CHO et Isaac ou l’illustration d’une société déresponsabilisante.
Alors, j’ai conscience que les lignes qui suivent susciteront quelques crispations chez certains de mes contacts de ce réseau professionnel. Toutefois, c’est un des rares, réseaux, sur lequel le partage des opinions peut s’effectuer littéralement à “visage découvert”, donc n’hésitez pas à réagir.
Ces dernières années, et comme beaucoup, je vis, pour ne pas dire subis au regard de mon âge avancé, la transformation à rythme cadencé de ce monde.
Du fait de mon intérêt pour les organisations en général, et l’entreprise en particulier, j’ai suivi la montée en puissance de nouveaux modèles et de nouvelles théories à leur sujet.
Depuis fort longtemps, je revendique la dimension (et le rôle) sociétale essentielle de l’entreprise, et la part qui est la sienne dans l’évolution de ladite société.
Mais l’entreprise, et ce qui y est rattaché, subit aussi l’impact, ou le dictat, d’impulsions politiques, académiques ou simplement tendancielles.
À mes yeux, cette évolution vise à déresponsabiliser ceux qui doivent décider. Quel que soit l’intitulé de leur fonction.
Schématiquement, je pourrais résumer l’état des lieux par un simpliste “Ce n’est pas de ma faute.” généralisé.
J’en prends pour exemples deux tendances issues du monde de l’entreprise, puisque c’est mon champ d’action.
À savoir l’avènement du “Chief Happiness Officer” et la théorie de “L’entreprise libérée”.
Commençons par le CHO.
D’abord, il apparaît que tout le monde soit “Chief” de quelque chose dans l’organisation entrepreneuriale nouvelle. Point commun avec le second exemple d'ailleurs.
Ensuite, et c’est ce qui m’interpelle, c’est qu’il soit jugé normal de confier le “bonheur” des collaborateurs sur leur lieu de travail à l’un d’entre eux.
Déjà, peut-on parler de bonheur dans l’entreprise, ou par le travail ?
Le bonheur n’est pas un but professionnel, mais personnel. L’épanouissement ou l’accomplissement par le travail peuvent davantage en être un, de but professionnel.
Ce que je note surtout dans cette tendance, et qui me trouble, c’est qu’un entrepreneur ou dirigeant puisse penser qu’il n’est pas de son rôle d’assumer le bien-être et le bien-vivre des individus dont il a la responsabilité au point de confier cette mission à un subordonné.
Ça ne choque personne, vraiment ?
Dans la même veine, l’intégration de la théorie d’Isaac Getz comme modèle organisationnel au sein des entreprises.

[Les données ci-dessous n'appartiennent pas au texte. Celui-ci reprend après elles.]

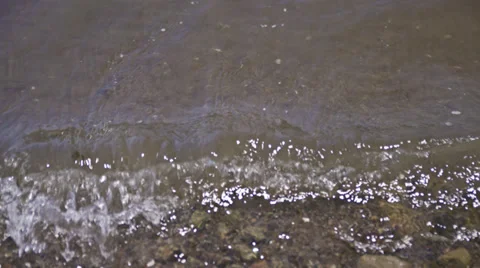 Small breaking waves at shoreline of Lake HD Stock Footage 36982914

Adepte, voire apôtre en tant que designer, de l’approche ascendante dans la réflexion et la mise en œuvre opérationnelle, peut-on sérieusement envisager une entreprise dans laquelle tout le monde doit s’auto-responsabiliser pour chacune de ses actions ?
Ce que j’entends dans cette notion de libération, c’est : “Libérons les responsables réels de l’organisation du poids de l’échec potentiel”. Diluons la responsabilité en quelque sorte.
Ne voit-on pas suffisamment cela au quotidien dans le capharnaüm généré par nos “représentants” publics ?
Alors oui, vous me trouverez l’entreprise qui contredira mon propos, forcément. Mais soyez certain que l’entrepreneur(e), ou le dirigeant(e), à la tête de cette dernière n’aura pas attendu la théorie de Getz pour co-réaliser la réussite de son organisation dans le partage et la confiance. C’était dans sa nature.
Ce qui m’irrite dans cette théorie, c’est que l’on ne mise plus sur la notion de leadership, indispensable à la prospérité de l’entreprise. L’approche ascendante est essentielle à la définition des objectifs et stratégies. C’est même le meilleur moyen d’impliquer et de performer.
Seulement, si l’exécution n’est pas assurée par une démarche descendante et assumée par celles et ceux qui l’ont validée, cela n’aboutit à rien de bon.
Croyez-moi, je n’ai jamais vu des organisations plus incapables de prendre des décisions que celles qui s’affirment “libérées”.
Je conclurai, et cela justifiera l'illustration retenue, que les organisations, quelles que soient leur forme et leur nature, ne sont pas des voitures autonomes.